■ **WHAT IS NEEDED**
Drop the pictures; give again exactly the lines from the one holding "Sandton 77 Grayston Dr 1" through the end of the data.
DATA IN THIS EXERCISE Block Start
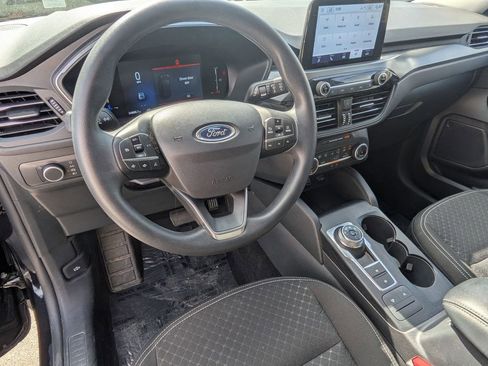 Used 2025 Ford Escape Active AWD/4WD image 11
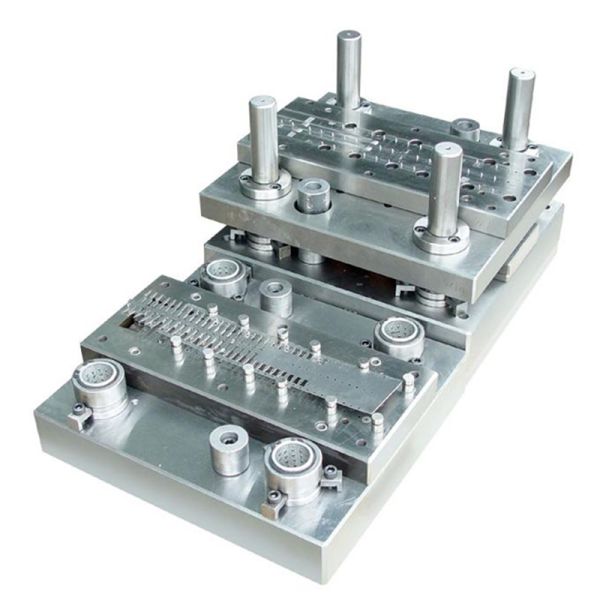 Customizable Plastic Injection Mold with ISO9001 Certification and 20-35 Days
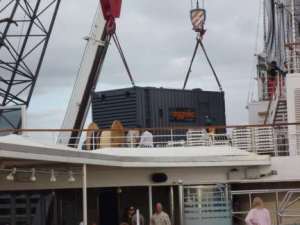 crane 4 stuck in port, Fort Lauderdale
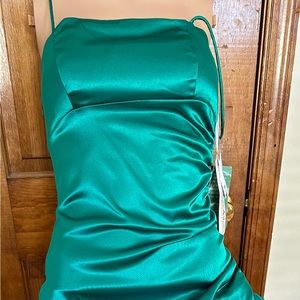 Blonde Night new long green formal dress - size 3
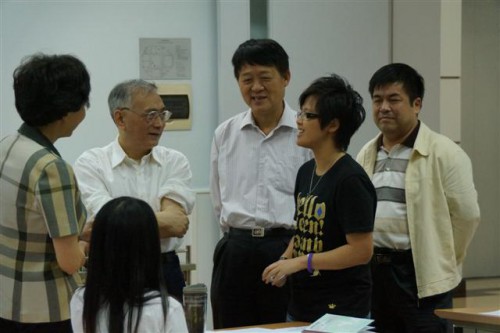 O Sr. Zhou Taitong, Vice-Presidente do Conselho Consultivo Político de Shanghai e os formandos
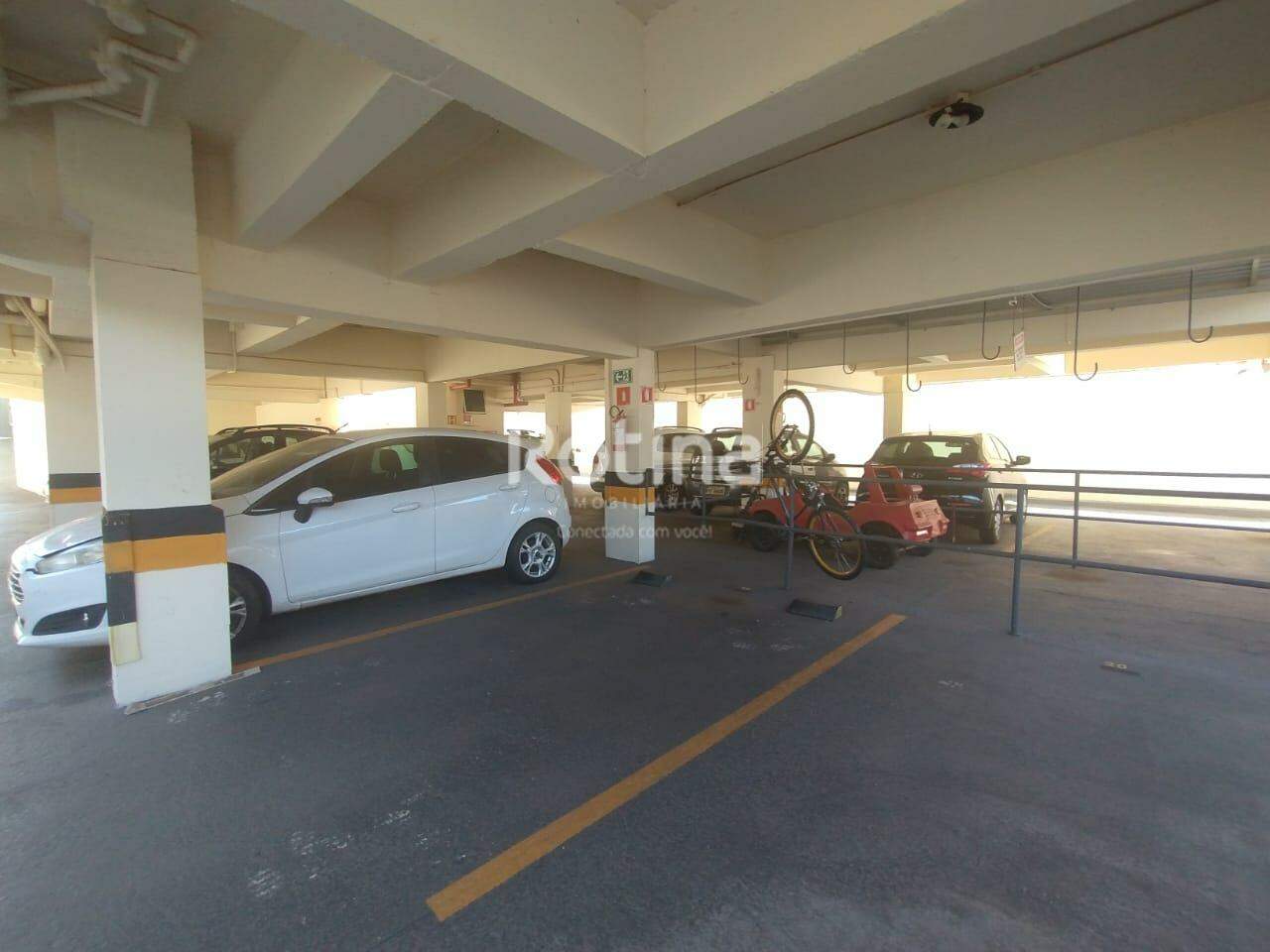 Apartamento para alugar, 3 quartos em Uberlândia no bairro Cazeca no valor de R$ 1.700,00 - Rotina Imobiliária: 
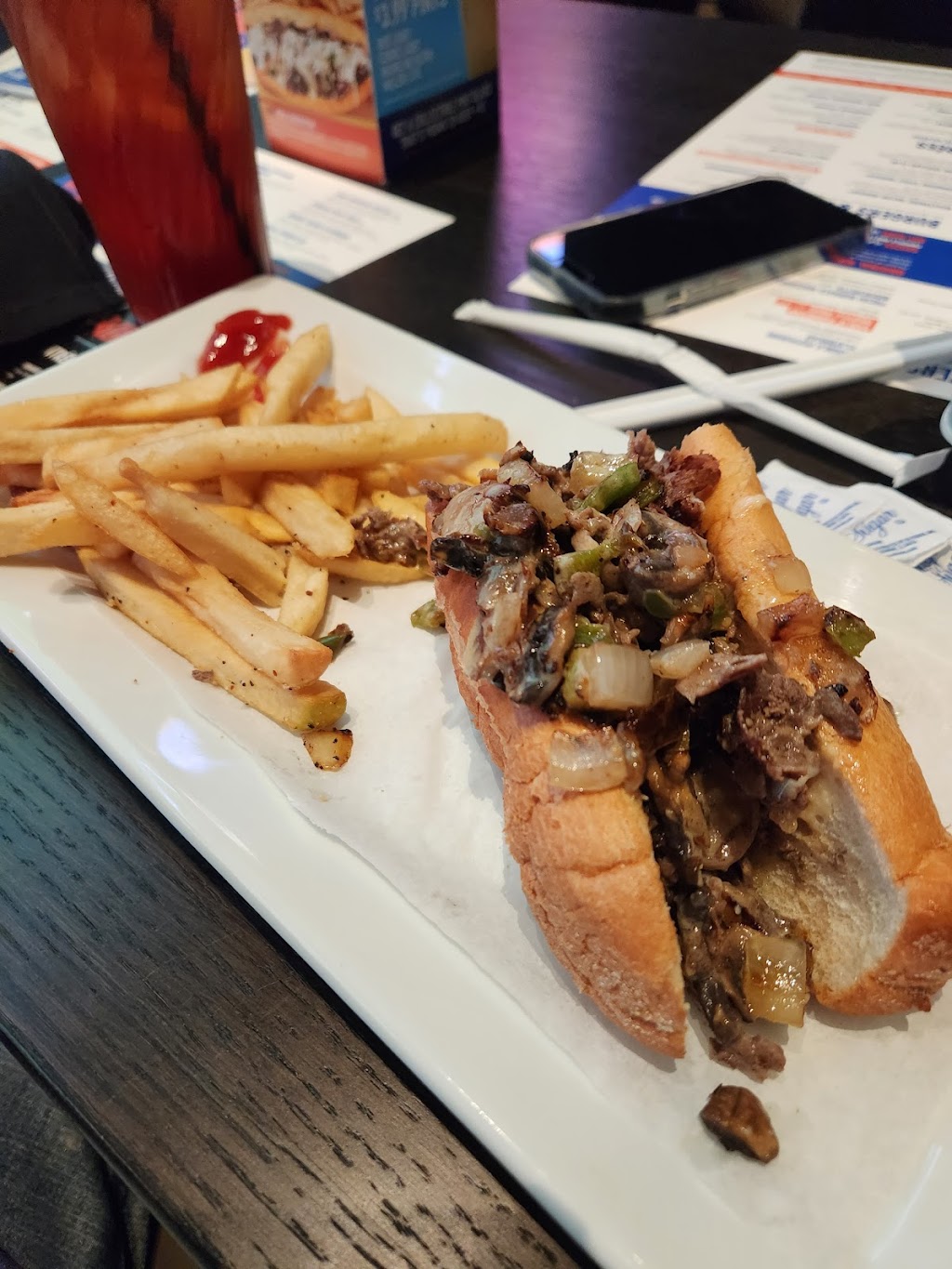 Dave & Busters Bakersfield | restaurant | 1914 Wible Rd, Bakersfield, CA 93304, USA | 6612829800 OR +1 661-282-9800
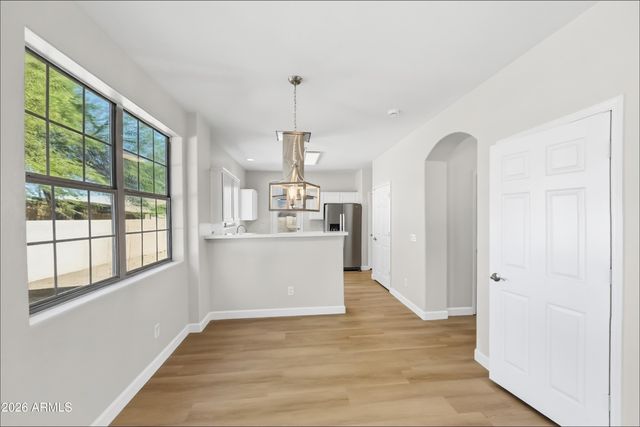 8524 W MONROE Street, Peoria, AZ 85345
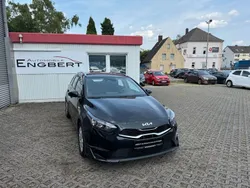 Schwarz Gebraucht 2024 Kia Ceed Sportswagon Vision Kombi | 24.990 € (Superpreis)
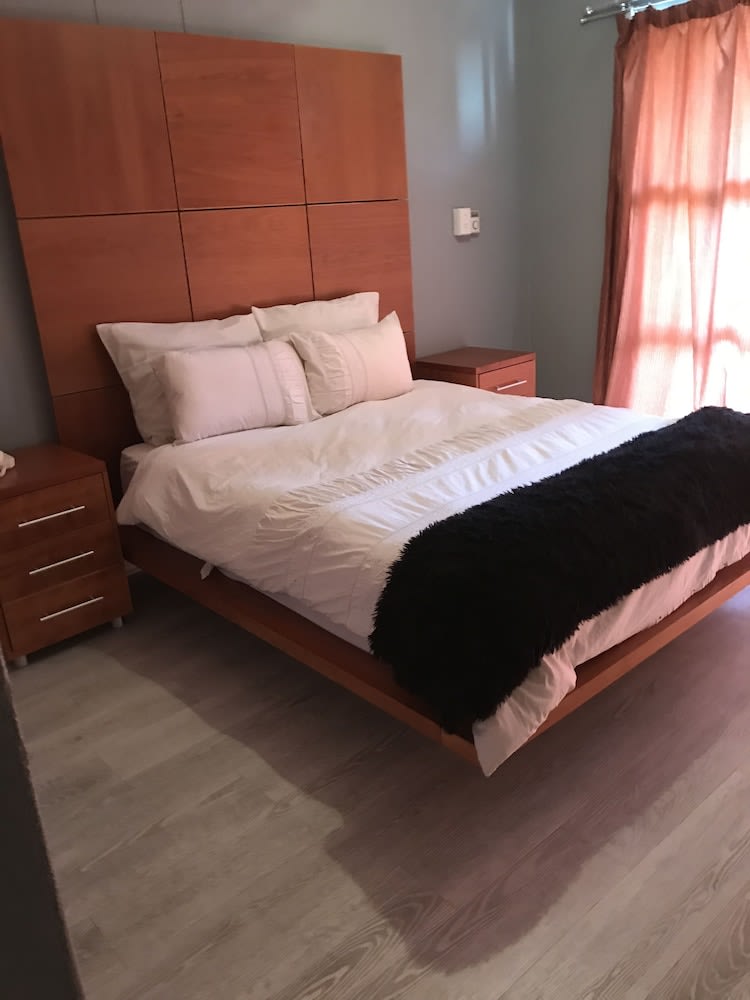 Sandton 77 Grayston Dr 1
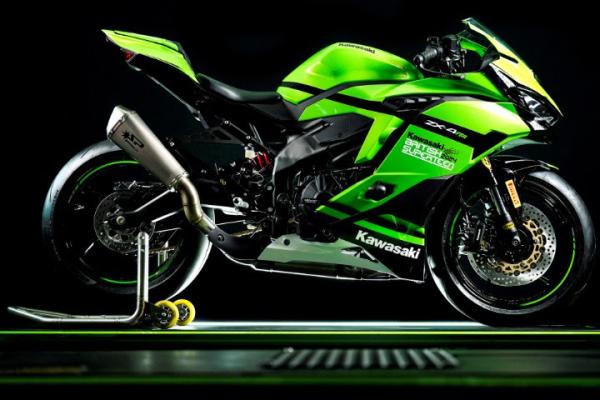 Kawasaki ZX-4RR race prep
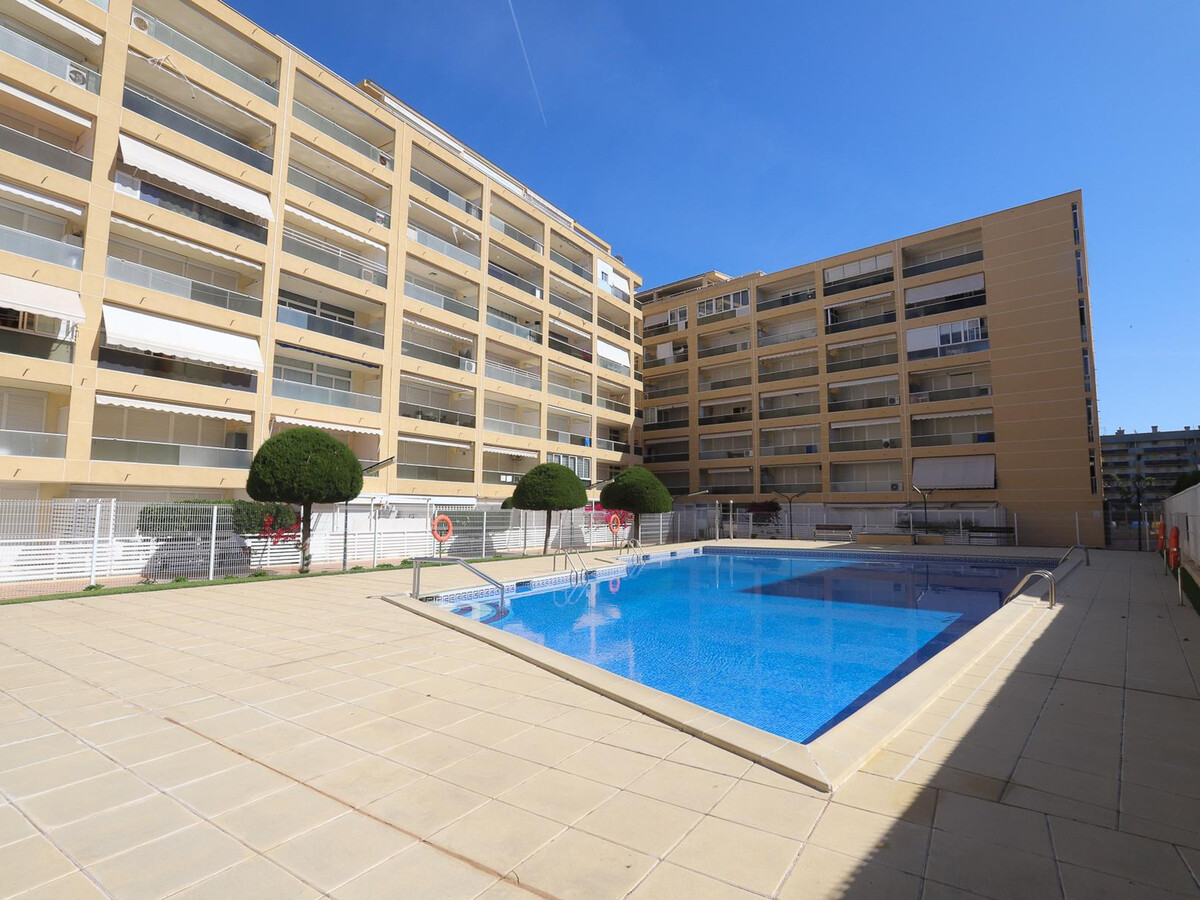 Appartement 1 chambre avec terrasse, piscine et plage à 400m - Photo 15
DATA IN THIS EXERCISE Block End
■ **REPLY**
 Sandton 77 Grayston Dr 1
 Kawasaki ZX-4RR race prep
 Appartement 1 chambre avec terrasse, piscine et plage à 400m - Photo 15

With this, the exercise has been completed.